In addition, the committee is preparing for the ‘Sea of Solidarity – Sea of Flags’ initiative which aims to prepare 1,000 Palestinian flags to be carried on the Bloody Sunday march as a mark of respect for those who have lost their lives in Gaza.
As Friday marks the 37th anniversary of the Bloody Sunday killings, a minute’s silence will be held at 4pm at the Bloody Sunday Monument in Rossville Street. This will be followed by the unveiling of the Bloody Sunday banner at the newly-refurbished Museum of Free Derry in nearby Glenfada Park.
Later on Friday, a panel discussion will debate the fall-out from the report by the Consultative Group on the Past (the Eames/Bradley Report) published on Wednesday 28 January.

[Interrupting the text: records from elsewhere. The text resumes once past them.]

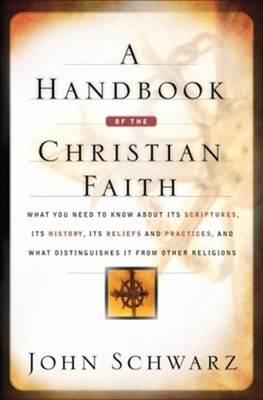 Handbook of the Christian Faith, A - eBook  -     By: John Schwarz
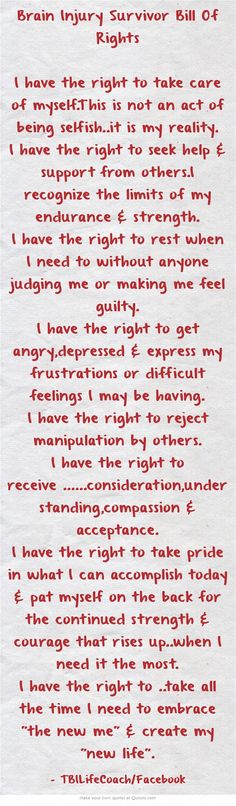 Brain Injury Survivor Bill Of Rights I have the right to take care of myself.This is not an act of being selfish..it is my reality. I have the right to seek help & support from others.I recognize the limits of my endurance & strength. I have the right to rest when I need to without anyone judging me or making me feel guilty. I have the right to get angry,depressed & express my frustrations or difficult feelings I may be having. I have the right to reject manipulation by... Post Concussion Syndrome, Brain Injuries, Hormonal Imbalance, Injury Recovery, Brain Surgery, Bill Of Rights, Brain Health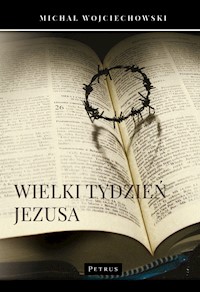 Wielki Tydzień Jezusa - Michał Wojciechowski - książka
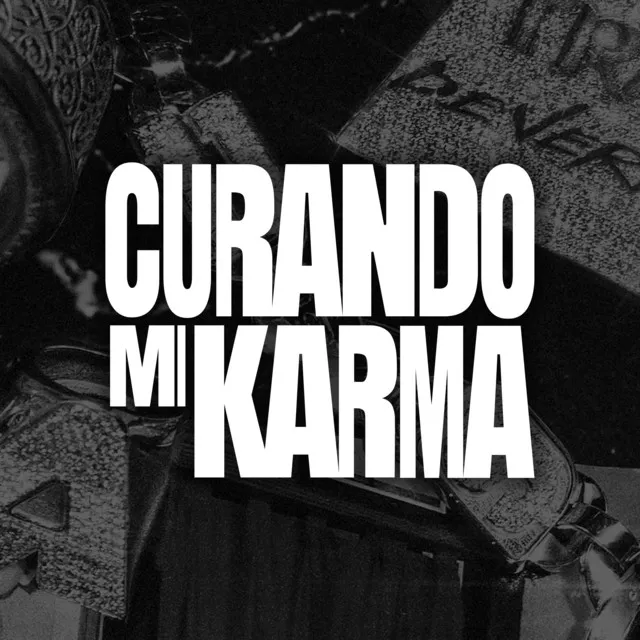 CURANDO MI KARMA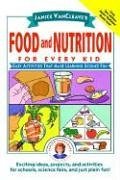 Janice VanCleave's Food and Nutrition for Every Kid : Easy Activities That Make Learning Science Fun (Science for Every Kid Series)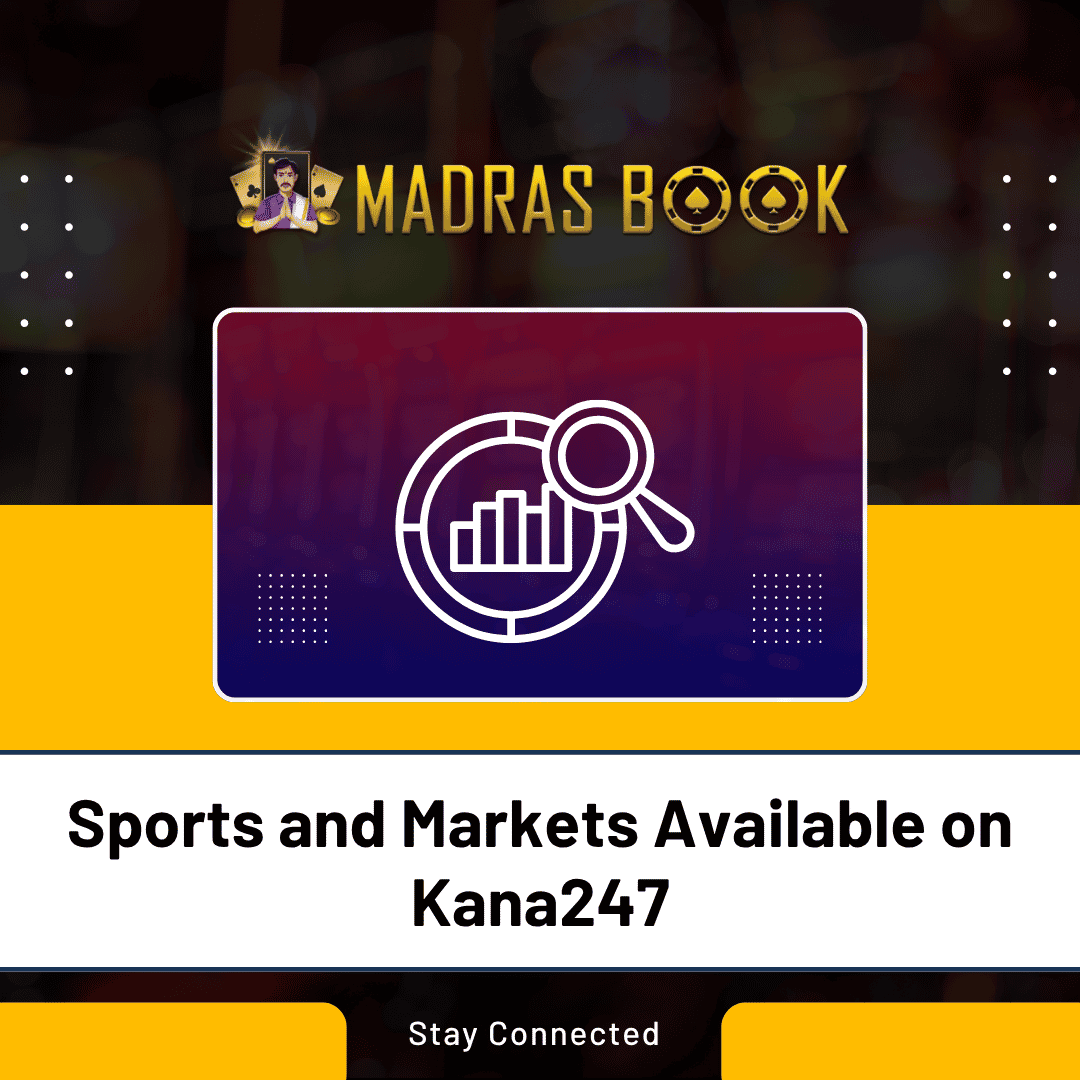 Sports and Markets Available on Kana247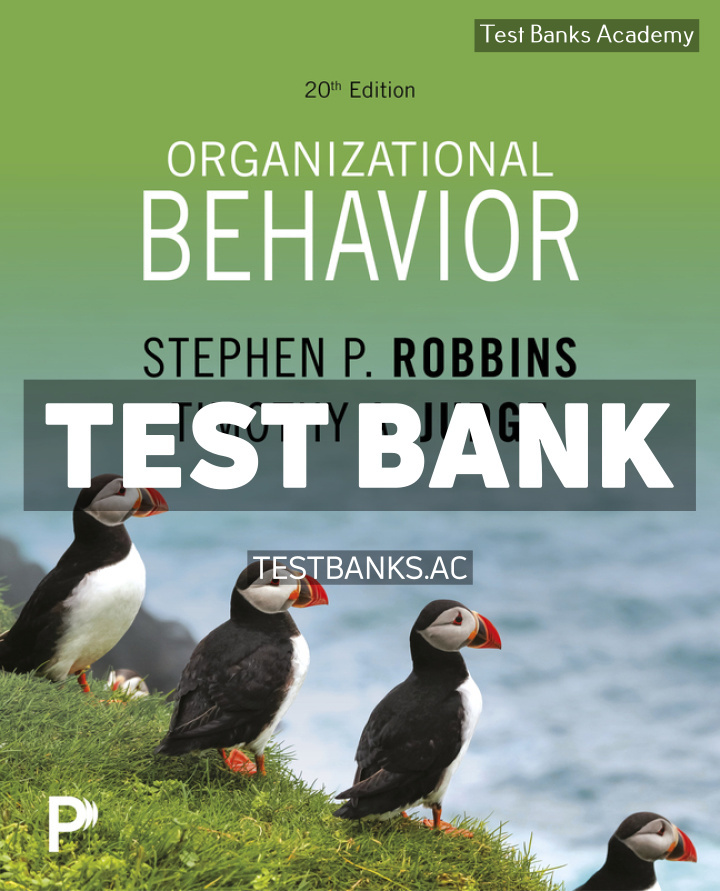 9780135431771-TEST-BANK Organizational Behavior 20th Robbins Test Bank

As months of speculation come to an end, the Bloody Sunday Weekend offers an ideal and immediate opportunity to discuss the findings of the group. Before the discussion, Dr Patricia Lundy (UU) will give a 10-minute synopsis of the main proposals of the Consultative Group.

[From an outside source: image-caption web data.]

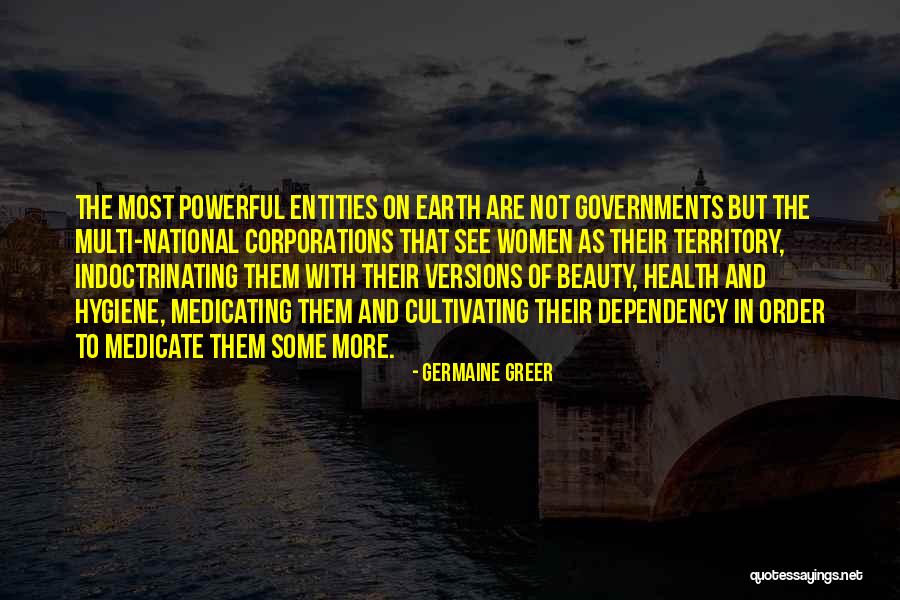 Earth Health Quotes By Germaine Greer Earth Health Quotes By Germaine Greer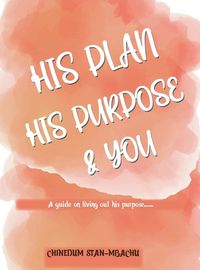 Cover image for His Plan His Purpose & You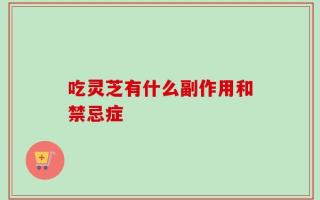 吃灵芝有什么副作用和禁忌症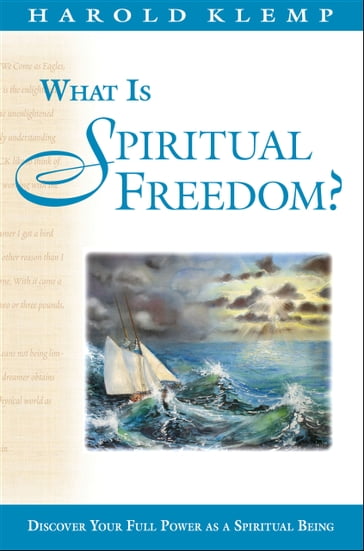 What Is Spiritual Freedom? - Harold Klemp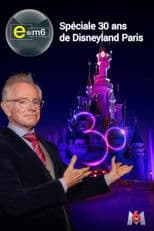 E=M6 : Spéciale 30 ans de Disneyland Paris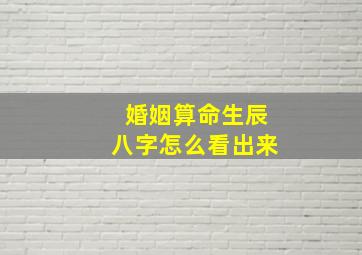 婚姻算命生辰八字怎么看出来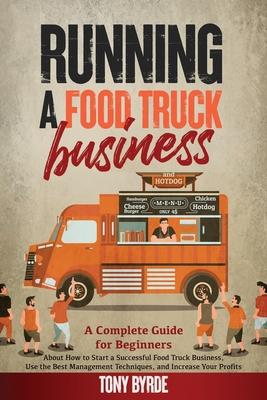 Running a Food Truck Business: A Complete Guide for Beginners About How to Start a Successful Food Truck Business, Use the Best Management Techniques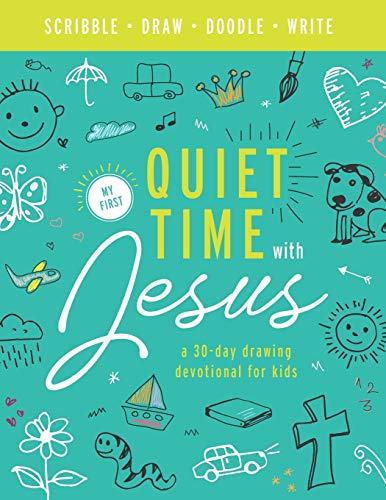 Beispielbild fr My First Quiet Time With Jesus: A 30-Day Drawing & Doodling Devotional for Kids | No reading or writing required! | Perfect for toddlers, preschoolers . (Devotionals & Bible Studies for Kids) zum Verkauf von Better World Books
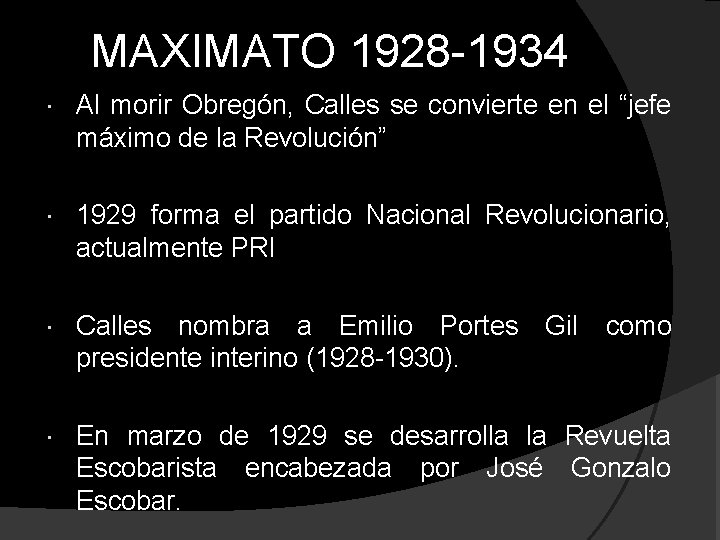 MAXIMATO 1928 -1934 Al morir Obregón, Calles se convierte en el “jefe máximo de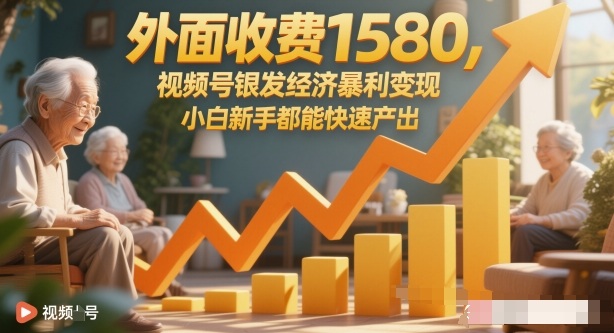 外面收费1580，视频号银发经济暴利变现，小白新手都能快速产出-云网创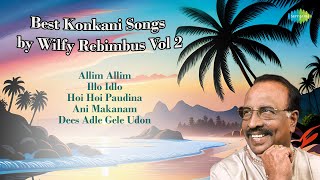 Wilfy Rebimbus Konkani Songs Vol 2  Allim Allim  Illo Idlo  Hoi Hoi Paudina  Old Konkani Songs [upl. by Saba809]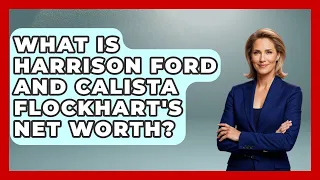 What Is Harrison Ford And Calista Flockhart s Net Worth - The Rich And Famous Files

The panel will include Stephanie English from the Pat Finucane Centre; Brendan McAllister from the Victims Commission; Sandra Peake  of the WAVE Trauma Centre, Belfast; Mike Ritchie, director of the Committee on the Administration of Justice (CAJ); and Tom Roberts, director of the Ex-Prisoners Interpretative Centre, (EPIC), Shankill Road, Belfast.
The venue for the discussion is the City Hotel.
As the weekend unfolds, walking tours of the Bloody Sunday ‘Murder Zone’, visiting the spots where people were shot down, will take place.
On Saturday 31 January, other discussions dealing with the role the of the Derry Raytheon plant plays in the arms trade will take place in the Pilot’s Row Centre at 1pm.

This year’s Bloody Sunday Lecture will be delivered by human rights lawyer Clive Stafford Smith, director of Reprieve, who represents some of the Guantánamo Bay detainees.
The original Bloody Sunday march was held to protest the policy of internment without trial. It is fitting that this year’s lecture should host the leading human rights defender acting on behalf of those held without trial in the modern-day equivalent of Long Kesh – Guantánamo Bay.
The venue for the lecture is the Calgach Centre in Butcher Street.
The annual wreath-laying ceremony and prayer service will be held at the Monument on Rossville Street on Sunday 1 February in advance of the annual Bloody Sunday commemoration march.
Marchers will assemble at the shops on Central Drive in Creggan before following the original march route to William Street for a rally to be addressed by a member of the Bloody Sunday families. Sitting MEP and member of Sinn Féin Bairbre de Brún will represent the party on the platform.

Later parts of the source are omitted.